Task brief:
Leave out the pictures and repeat exactly the lines from the one containing "925 Silver scroll bangle - Picture 10 of 13" through the final line of the listing below.

(The data Opens)

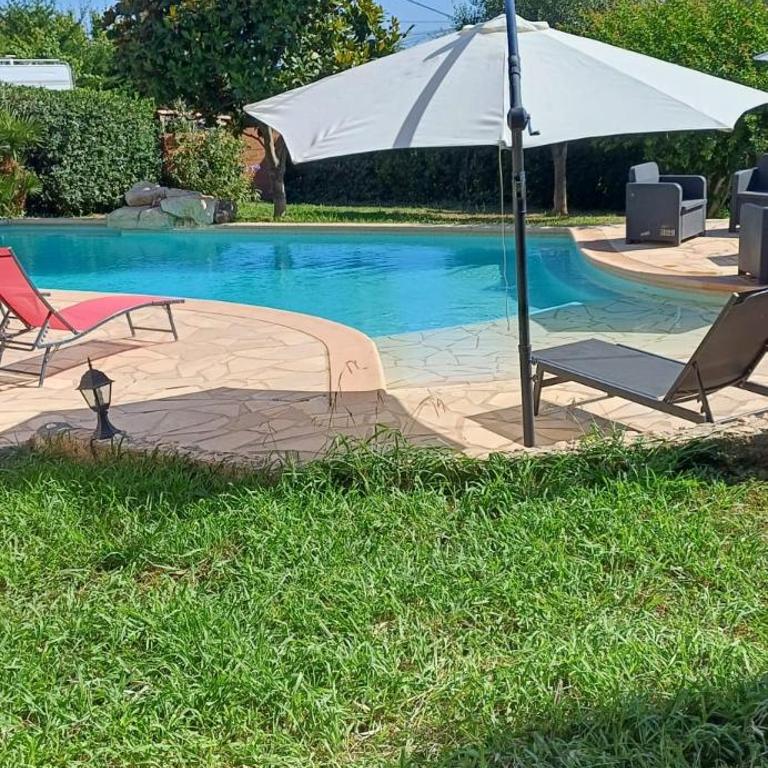 Très jolie villa à Vence - Villa avec Piscine Privée - 3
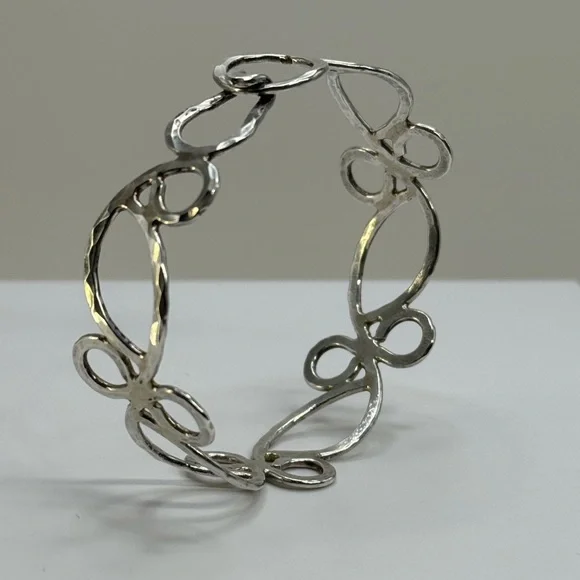 925 Silver scroll bangle - Picture 10 of 13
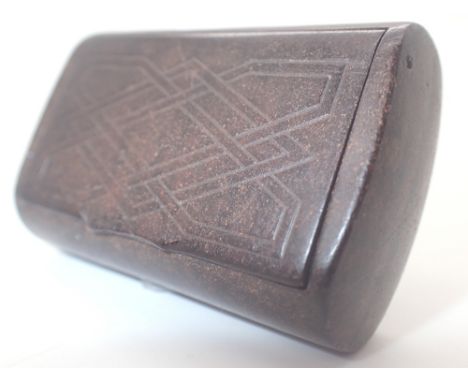 Vintage bakelite snuff box, L: 6 cm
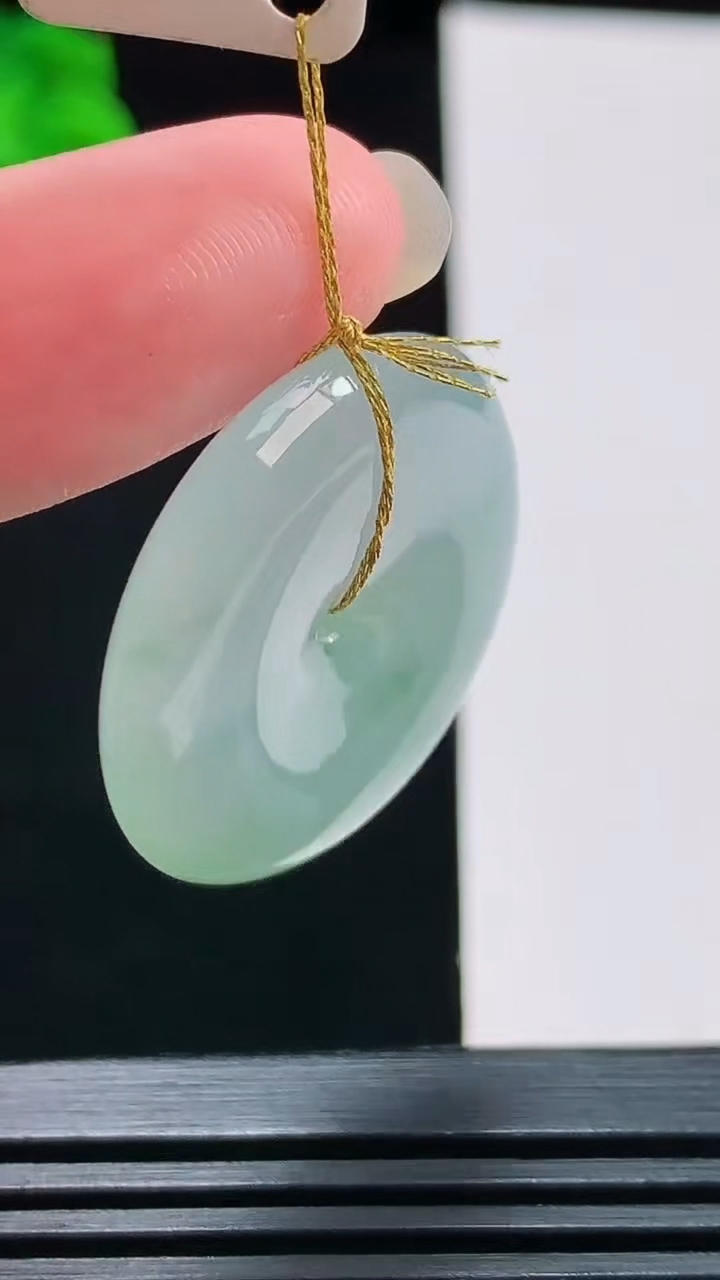 天然A货翡翠冰种飘花平安扣吊坠，尺寸28-5.8 重量:9.50g
8月9日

(The data Closes)

Written answer:
 925 Silver scroll bangle - Picture 10 of 13
 Vintage bakelite snuff box, L: 6 cm
 天然A货翡翠冰种飘花平安扣吊坠，尺寸28-5.8 重量:9.50g
8月9日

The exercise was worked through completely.